Governor Brian Kemp signed the new state sales tax into law Tuesday, applying the tax to items that online customers buy and download.

ATLANTA — Prepare to pay a bit more when you buy eBooks, digital music and games online.

Tuesday, Georgia’s governor signed a bill into law to tax digital downloads.

You’ll have to pay state and local sales taxes on anything you buy and download to keep, beginning in January.

And that’s expected to bring in hundreds of millions of dollars of extra revenue for the state in just the first few years.

As it is, book buyers in Georgia, for example, know that when they buy the digital version of a book and download it, right now they don’t have to pay any sales taxes on it.

But customers who buy printed books, either in person or online, know that they have to pay state and local sales taxes.

Starting in January in Georgia, whatever people buy and download — such as eBooks, music, knitting patterns, video games, you name it — will have Georgia state and local sales taxes added to the purchase price.

That video game someone buys for $60 or $70 will cost four or five dollars more, depending on the sales taxes in the city and county where they live in Georgia.

Someone who spends, say, $100 on eBooks will have to pay an extra six or seven dollars, or more.

“It’s fair that they tax online books, too,” on what people download, said Kimberly McNamara Tuesday.

McNamara owns Read It Again Book Store in Suwanee. She just celebrated 20 years in business.
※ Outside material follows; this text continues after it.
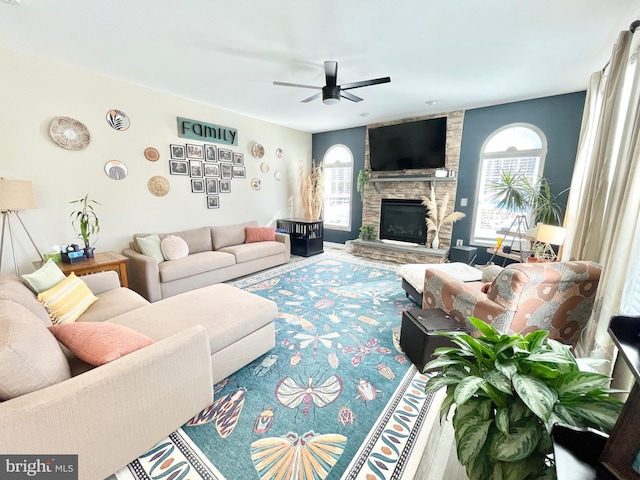 living room with ceiling fan, hardwood / wood-style floors, and a fireplace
The business is thriving, even as more Americans than ever are buying and reading eBooks instead of printed books.

And McNamara said that having eBook buyers pay the same sales taxes that hardcopy buyers pay is fair, but it probably won’t make much of a difference to her sales, or to the digital download sales, because the two types of booksellers appeal to totally different customer bases.

“We don’t try to compete with prices online,” she said, “because we would have been out of business in ’07 when eBooks really started. So what we try to provide is a community space for people to come and read and talk to people who like to read.”

In whatever way the new state tax impacts digital download sales, it’s expected to raise a lot of money for Georgia — a projected $172 million in extra sales tax revenue in just the first full year it will be in effect.

The new digital download sales tax will not apply to everything people download.

It will not apply, for example, to online subscriptions; so newspapers that people download as part of their subscriptions will still be tax free.

But the author of the new law tells 11Alive that next year he will work to tax online subscriptions, as well, as part of the state’s long-range plan of taxing in-person and online sales the same.